───── Exercise data ─────

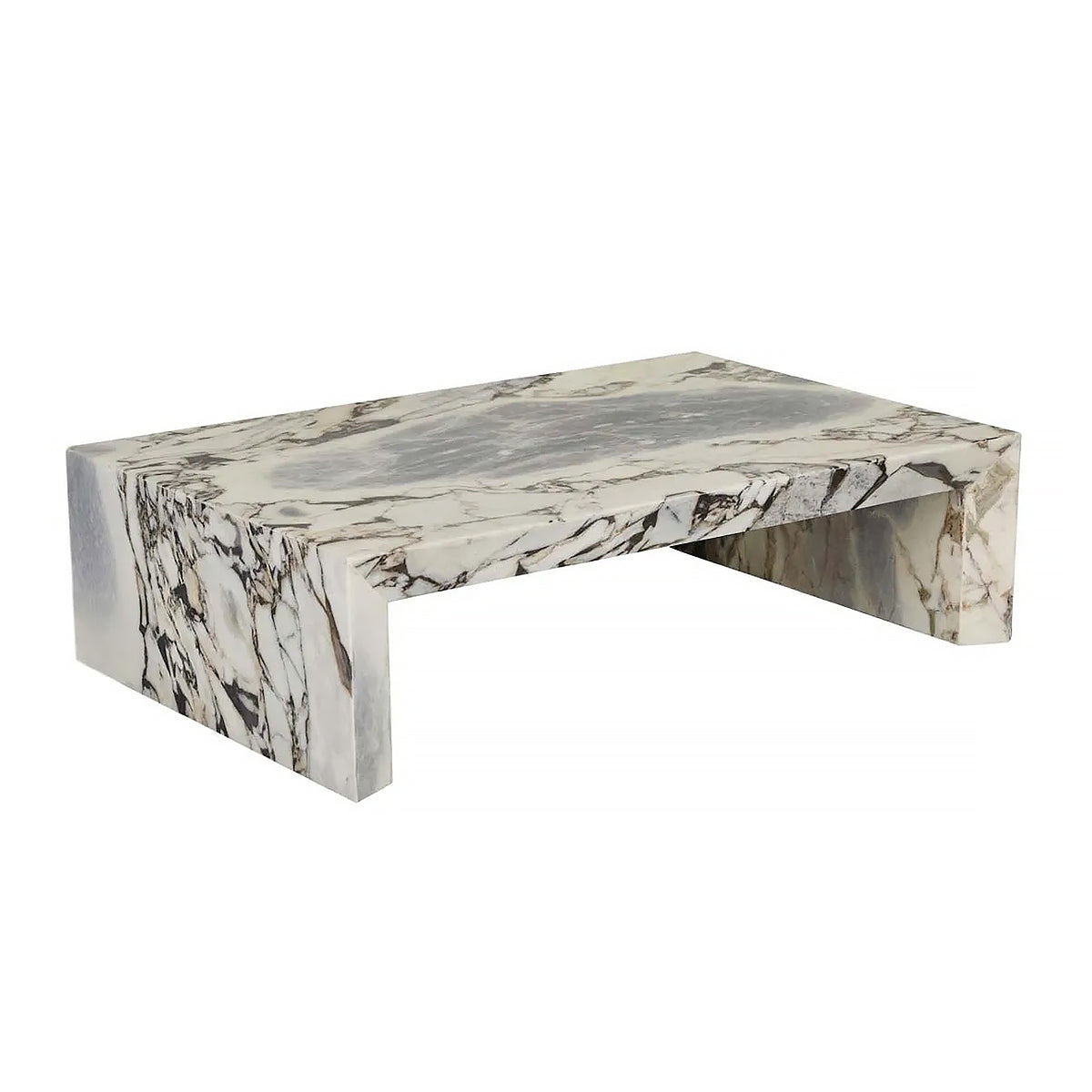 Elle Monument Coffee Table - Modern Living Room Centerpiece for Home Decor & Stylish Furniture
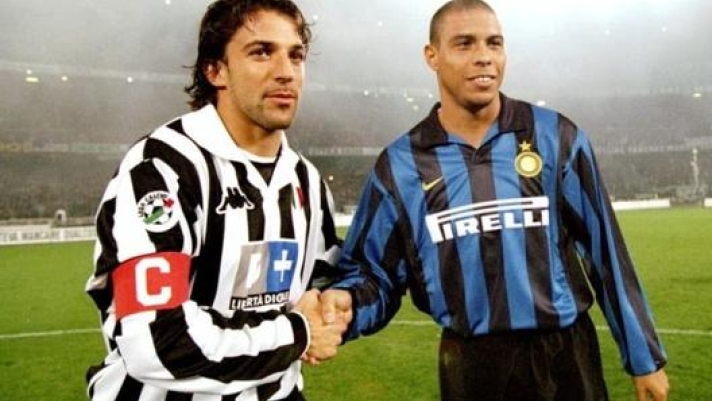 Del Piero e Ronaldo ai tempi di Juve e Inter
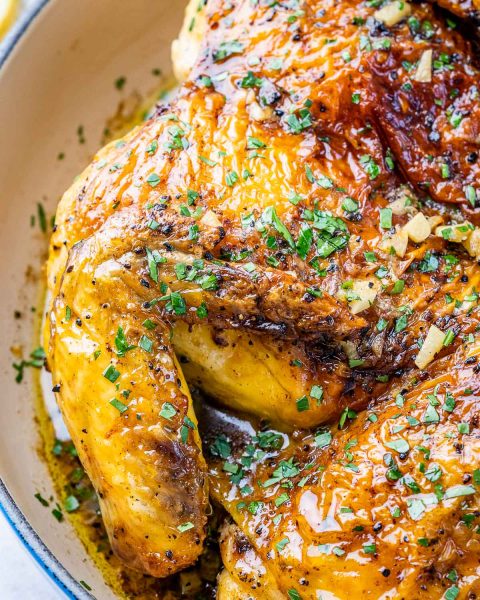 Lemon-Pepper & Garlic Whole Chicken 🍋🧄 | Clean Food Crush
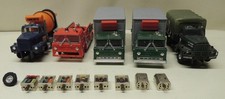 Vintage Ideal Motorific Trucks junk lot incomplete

─────

= What you should do =
Copy out all the data above exactly as written. Skip the pictures.

= Answer for the task =
 Elle Monument Coffee Table - Modern Living Room Centerpiece for Home Decor & Stylish Furniture
 Del Piero e Ronaldo ai tempi di Juve e Inter
 Lemon-Pepper & Garlic Whole Chicken 🍋🧄 | Clean Food Crush
 Vintage Ideal Motorific Trucks junk lot incomplete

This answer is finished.